• [ABOUT THIS TASK]: In the records below, find the line with "Album de fútbol BOMBA 1ª División Liga 79-80" and the line with "2024 VW ID.". Print both exactly, along with every line between them, and no other line.

• [RECORDS FOR THIS EXERCISE]:
··········

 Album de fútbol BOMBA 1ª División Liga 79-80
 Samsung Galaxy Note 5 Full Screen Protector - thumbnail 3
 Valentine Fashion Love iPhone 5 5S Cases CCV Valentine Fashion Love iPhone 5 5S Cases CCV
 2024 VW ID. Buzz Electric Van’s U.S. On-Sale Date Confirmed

··········

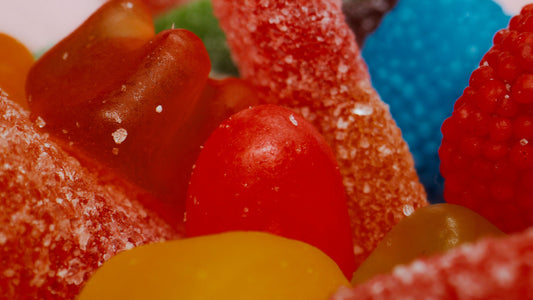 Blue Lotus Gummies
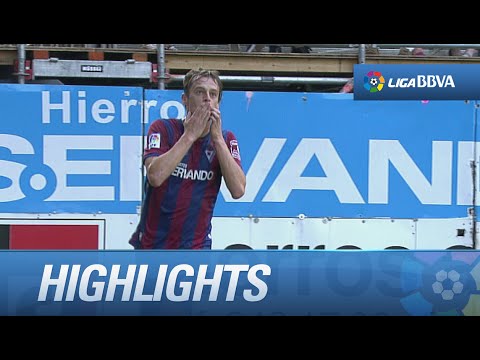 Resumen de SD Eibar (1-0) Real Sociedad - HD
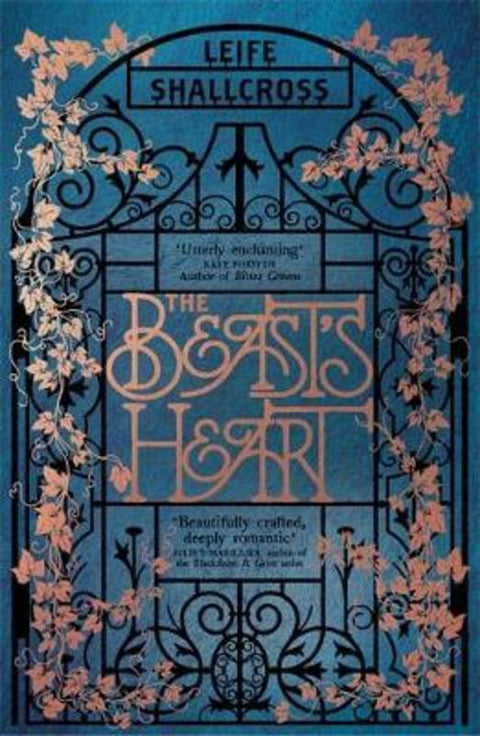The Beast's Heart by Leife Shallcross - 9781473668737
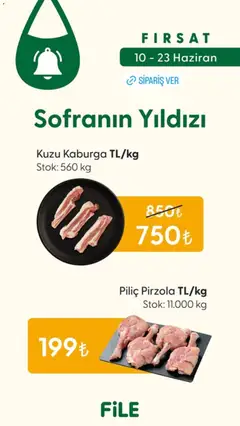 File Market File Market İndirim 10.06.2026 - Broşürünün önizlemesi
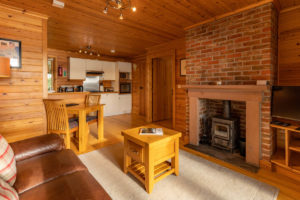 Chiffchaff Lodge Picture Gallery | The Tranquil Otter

··········

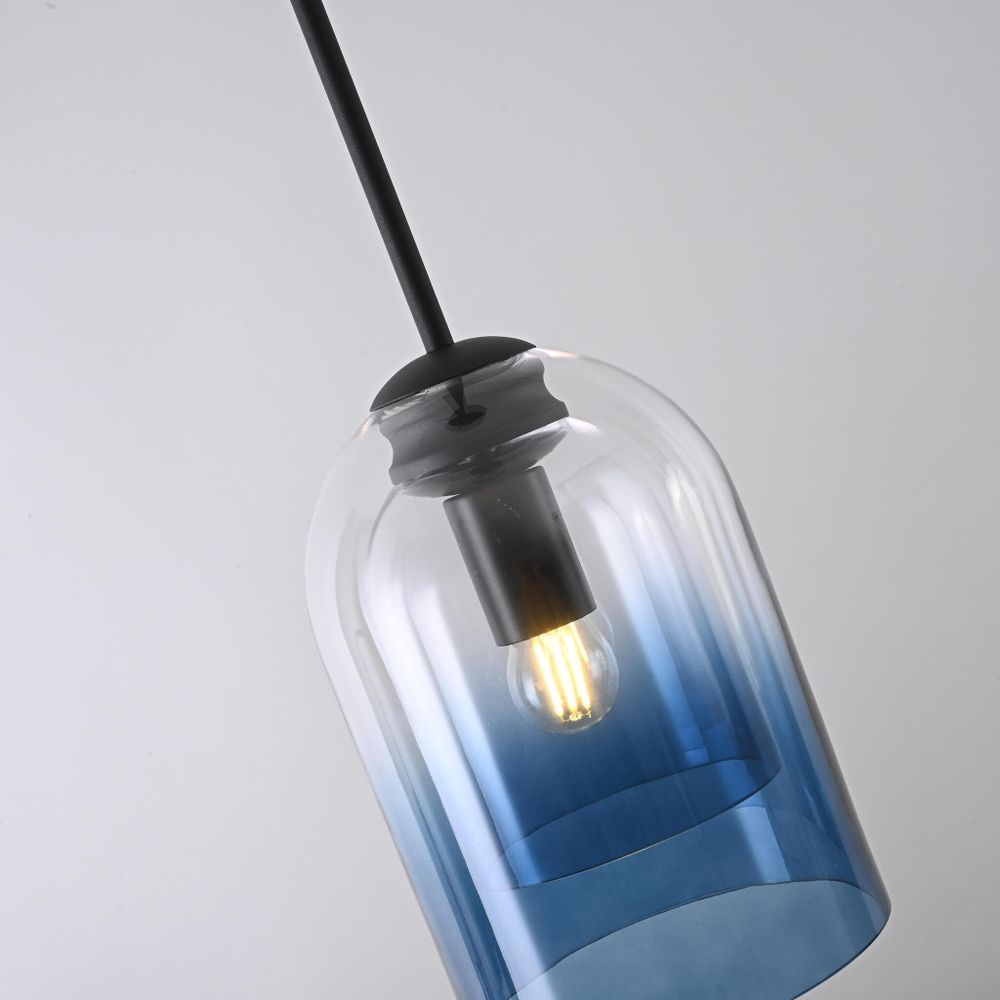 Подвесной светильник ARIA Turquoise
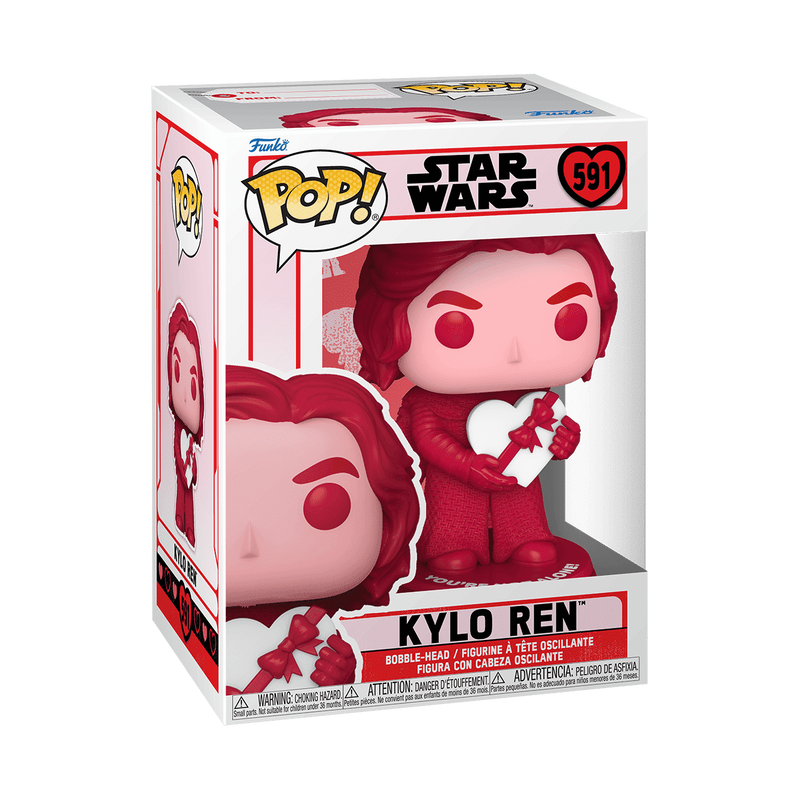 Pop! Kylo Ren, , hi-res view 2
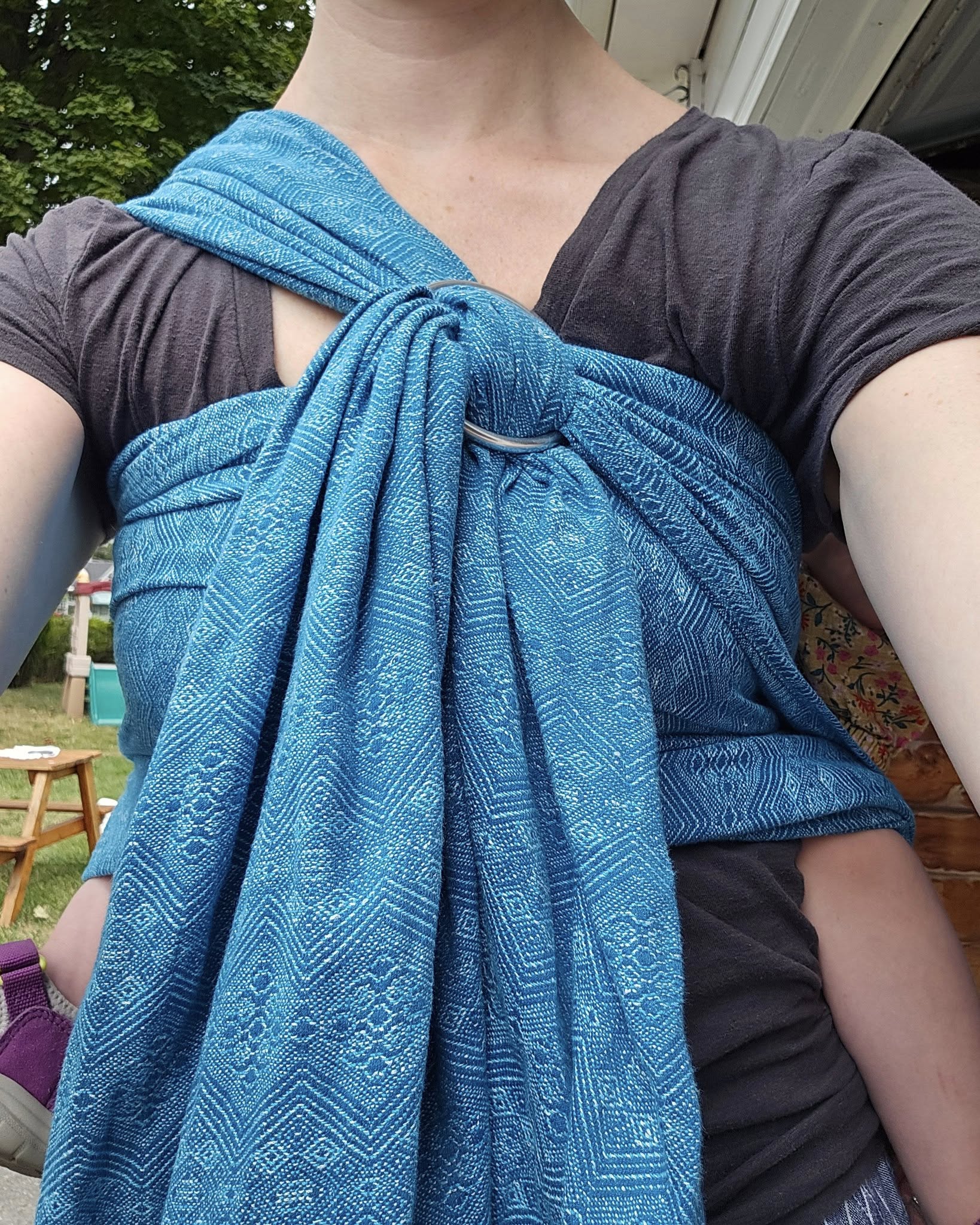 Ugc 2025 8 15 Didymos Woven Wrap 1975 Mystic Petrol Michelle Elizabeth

··········

• [RESPONSE AREA]:
 Album de fútbol BOMBA 1ª División Liga 79-80
 Samsung Galaxy Note 5 Full Screen Protector - thumbnail 3
 Valentine Fashion Love iPhone 5 5S Cases CCV Valentine Fashion Love iPhone 5 5S Cases CCV
 2024 VW ID. Buzz Electric Van’s U.S. On-Sale Date Confirmed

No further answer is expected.